Esse clássico musical retrata, de modo muito bem humorado, o ambiente dos grandes estúdios no momento da mudança do cinema silencioso para o sonoro. A passagem da atriz tentando se adaptar ao microfone é uma obra-prima.

2 – Crepúsculo dos Deuses (Sunset Boulevard). Direção: Billy Wilder. 1950

Trata-se de um drama vivido pela atriz decadente do cinema silencioso, Norma Desmond, numa atuação soberba de Gloria Swanson, que tenta atrair um roteirista para o seu mundo de fantasia, no qual acredita fazer um retorno triunfante às telas de cinema.

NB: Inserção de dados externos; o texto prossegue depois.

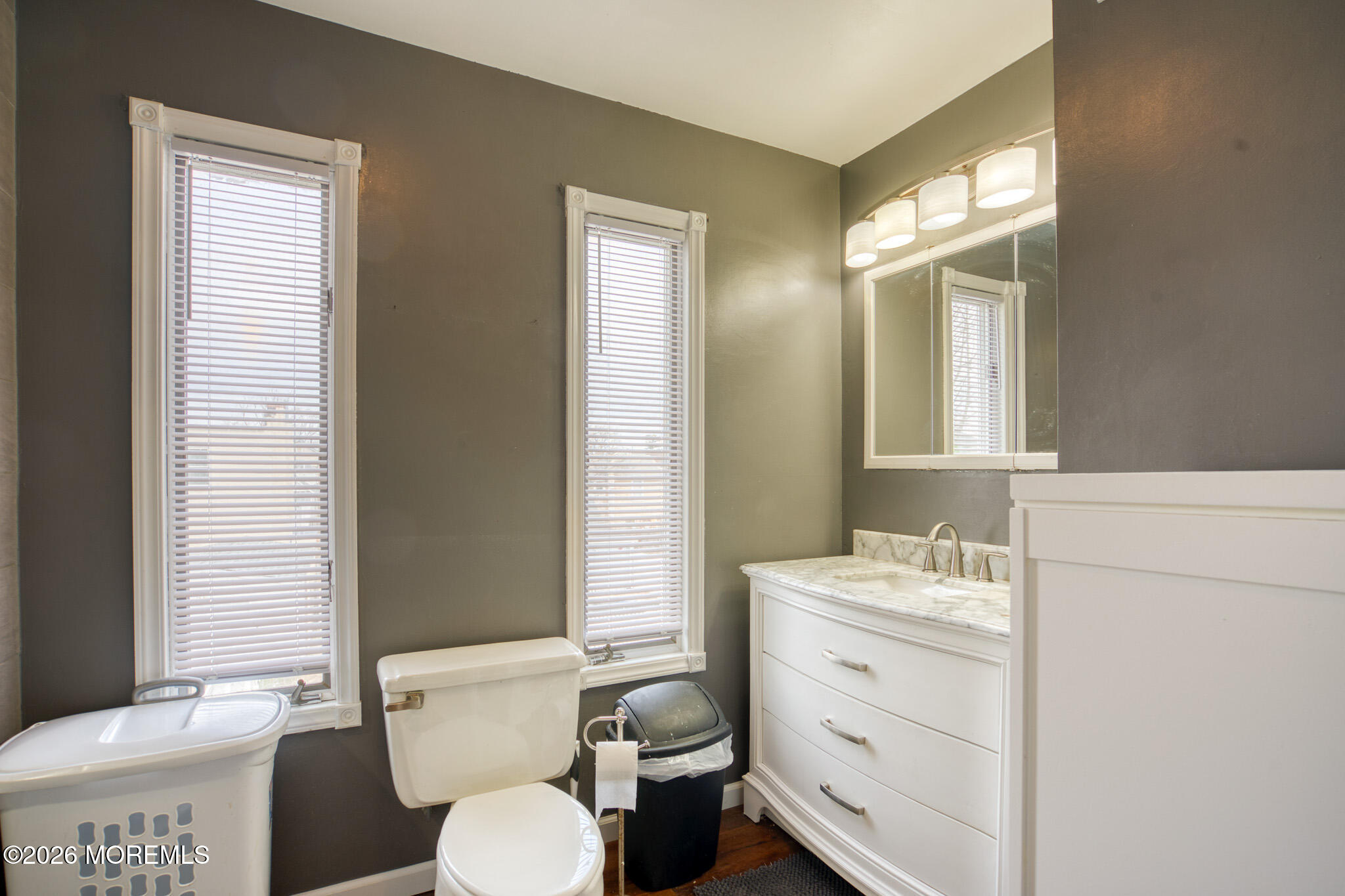 138 3rd Street Keyport, NJ 07735 - Photo 17 of 20 a bathroom with a toilet sink and mirror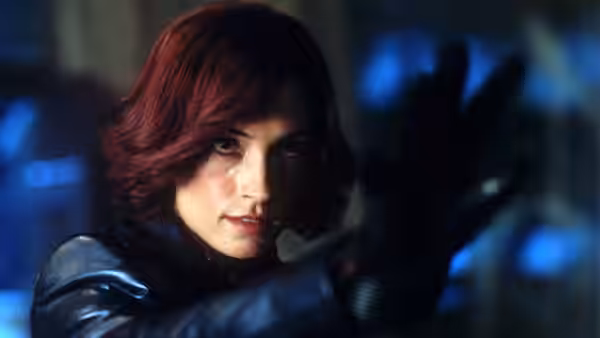 Jean Grey (Famke Janssen) raises a gloved hand in a dim blue-lit room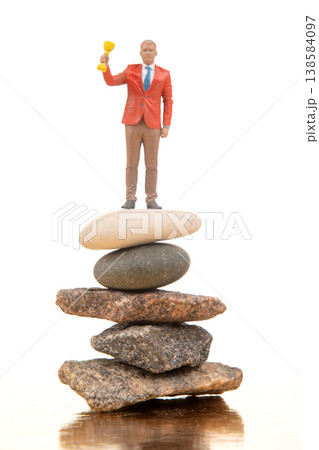 Miniature person stands on stacked stones while holding a trophy in a bright space during the day 138584097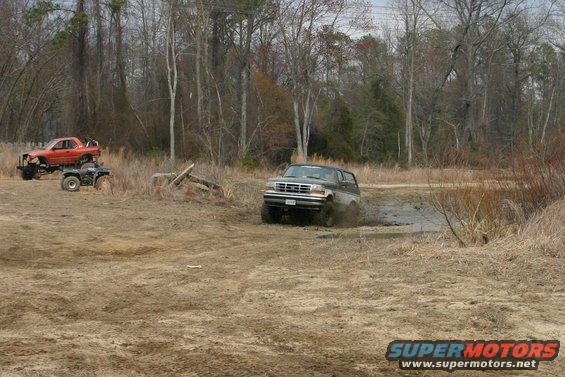 1989 Ford Bronco driving through a muddy puddle off-road, with an orange pickup truck and ATV visible in the background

3 – A Noite Americana (La Nuit Américaine). Direção: François Truffaut. 1973

Mostra a tentativa do cineasta Ferrand em realizar o filme “Je vous presente Pamela”, tendo que lidar com os dramas dos atores e com os imprevistos surgindo sem parar ao longo de todo o processo. É uma verdadeira aula de como é um set de filmagem.

4 – A Entrevista (Intervista). Direção: Federico Fellini. 1987

Um falso documentário mostra supostamente Federico Fellini dirigindo um próximo filme na Cinecittá e sendo entrevistado por uma rede de televisão japonesa, quando começa a lembrar de seus sonhos e do “tempo de ouro”. Um dos momentos mais sublimes é a participação de Marcelo Mastroianni e Anita Ekberg, os protagonistas do clássico do cineasta italiano, “A Doce Vida”.

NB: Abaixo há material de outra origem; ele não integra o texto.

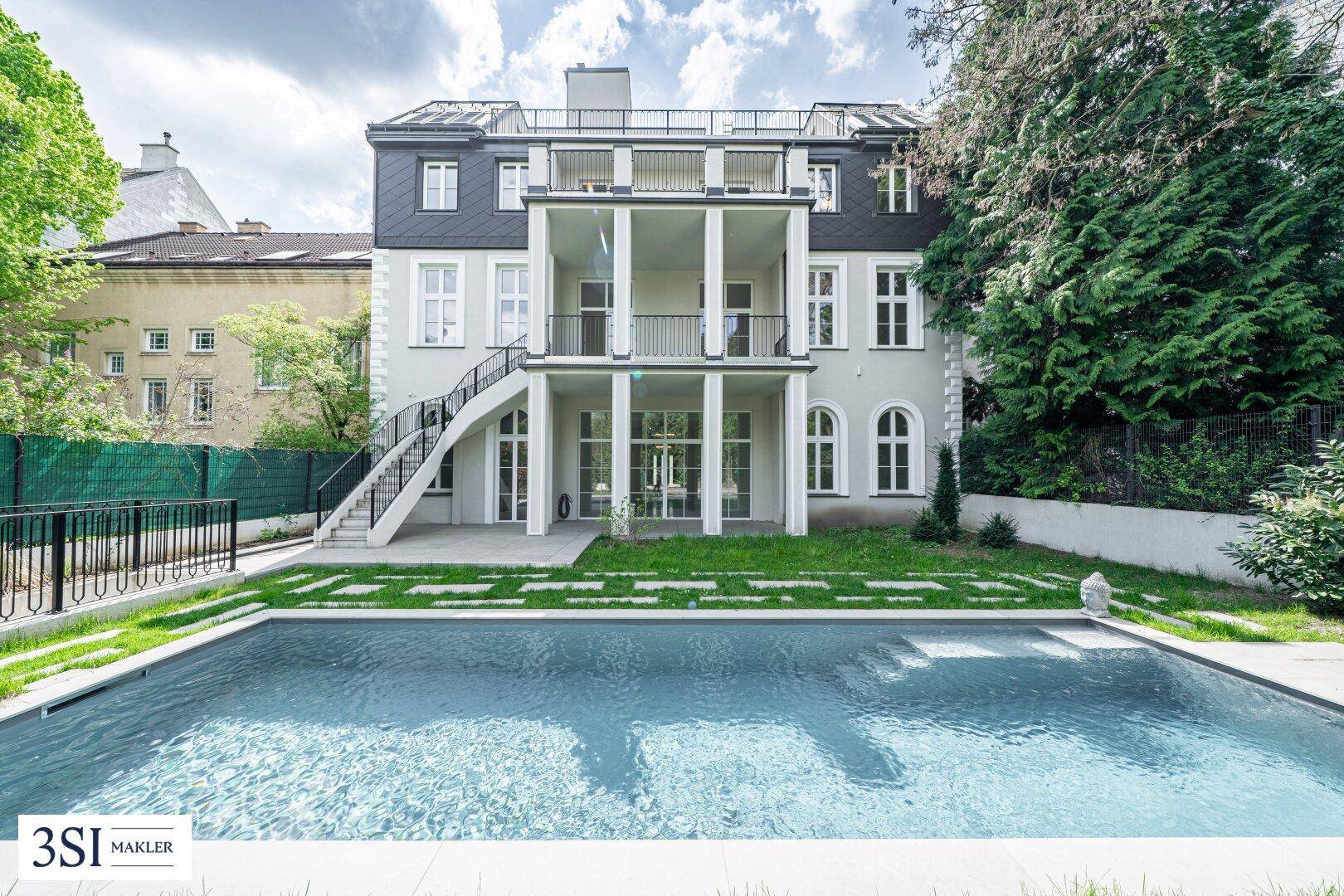 Weitläufiger Garten mit großem Swimmingpool und Blick auf die beeindruckende Gebäudefassade.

5 – Hollywoodland Bastidores da Fama (Hollywoodland). Direção: Allen Coulter. 2006

Estrelado por Adrien Brody, Ben Affleck e Diane Lane, o filme mostra um detetive investigando o suicídio do ator protagonista da série “Superman”. Mostra, literalmente, os bastidores da fama e dos sets de filmagem.